Access Public Datasets
OSO shares every dataset on BigQuery Analytics Hub. To get started, set up your BigQuery account.
OSO Data Exchange on Analytics Hub
To explore all the OSO datasets available, check out our BigQuery data exchange.
OSO Production Data Pipeline
Every stage of the OSO data pipeline is queryable and downloadable. Like most dbt-based pipelines, we split the pipeline stages into staging, intermediate, and mart models.
You can find the reference documentation on every data model on https://models.opensource.observer/
OSO Mart Models
These are the final product from the data pipeline, which is served from our API.
For example, you can get a list of oss-directory projects
select
project_id,
project_name,
display_name,
description
from `YOUR_PROJECT_NAME.oso_production.projects_v1` LIMIT 10
select *
from `YOUR_PROJECT_NAME.oso_production.code_metrics_by_project_v1`
where project_name = 'uniswap'
Remember to replace 'YOUR_PROJECT_NAME' with the name of your project in the query.
Note: Unless the model name is versioned, expect that the model is unstable and should not be depended on in a live production application.
OSO Staging / Intermediate Models
From source data, we produce a "universal event table", currently stored at
int_events
.
Each event consists of an event_type
(e.g. a git commit or contract invocation),
to/from artifacts,
a timestamp, and an amount.
From this event table, we aggregate events in downstream models to produce our metrics.

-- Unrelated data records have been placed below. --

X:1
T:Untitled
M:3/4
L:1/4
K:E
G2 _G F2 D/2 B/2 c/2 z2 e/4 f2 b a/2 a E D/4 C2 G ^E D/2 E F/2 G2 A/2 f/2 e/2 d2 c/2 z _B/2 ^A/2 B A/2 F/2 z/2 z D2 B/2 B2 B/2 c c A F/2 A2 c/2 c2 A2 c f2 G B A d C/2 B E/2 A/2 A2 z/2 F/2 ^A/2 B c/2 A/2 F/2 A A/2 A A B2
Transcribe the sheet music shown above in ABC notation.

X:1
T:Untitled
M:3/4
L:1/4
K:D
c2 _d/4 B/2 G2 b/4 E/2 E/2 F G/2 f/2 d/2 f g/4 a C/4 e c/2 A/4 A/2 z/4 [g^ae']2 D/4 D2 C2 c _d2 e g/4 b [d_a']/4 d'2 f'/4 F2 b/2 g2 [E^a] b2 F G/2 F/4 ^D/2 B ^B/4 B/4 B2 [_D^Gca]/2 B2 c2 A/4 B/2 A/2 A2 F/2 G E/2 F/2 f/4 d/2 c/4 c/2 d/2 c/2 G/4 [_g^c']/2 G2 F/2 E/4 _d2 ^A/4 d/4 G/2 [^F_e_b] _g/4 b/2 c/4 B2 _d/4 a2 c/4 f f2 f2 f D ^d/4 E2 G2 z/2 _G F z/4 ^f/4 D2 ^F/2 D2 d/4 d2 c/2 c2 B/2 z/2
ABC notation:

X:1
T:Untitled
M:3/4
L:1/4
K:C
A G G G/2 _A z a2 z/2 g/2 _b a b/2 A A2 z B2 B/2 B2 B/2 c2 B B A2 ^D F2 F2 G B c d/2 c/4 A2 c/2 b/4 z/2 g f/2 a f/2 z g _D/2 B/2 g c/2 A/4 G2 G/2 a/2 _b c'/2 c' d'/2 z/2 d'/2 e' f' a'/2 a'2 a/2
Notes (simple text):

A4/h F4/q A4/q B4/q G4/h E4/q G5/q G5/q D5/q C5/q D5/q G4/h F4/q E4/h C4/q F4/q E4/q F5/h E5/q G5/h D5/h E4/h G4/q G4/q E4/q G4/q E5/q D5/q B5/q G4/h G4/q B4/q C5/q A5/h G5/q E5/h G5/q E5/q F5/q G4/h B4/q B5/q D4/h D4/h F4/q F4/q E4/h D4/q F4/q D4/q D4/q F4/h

For example, you may find it cheaper to run queries against
int_events_daily_to_project
.
SELECT event_source, SUM(amount)
FROM `YOUR_PROJECT_NAME.oso_production.int_events_daily_to_project`
WHERE project_id = 'XSDgPwFuQVcj57ARcKTGrm2w80KKlqJxaBWF6jZqe7w=' AND event_type = 'CONTRACT_INVOCATION_DAILY_COUNT'
GROUP BY project_id, event_source
OSO Playground
We maintain a subset of projects and events in a playground dataset for testing and development. All of the production models are mirrored in this environment.
Source Data
GitHub Data
- Reference documentation
- Code License: MIT.
- Data governed by the GitHub terms of service.
- Updated hourly
GitHub data is predominantly provided by the incredible GH Archive project, which publishes a public archive of historical events to GitHub.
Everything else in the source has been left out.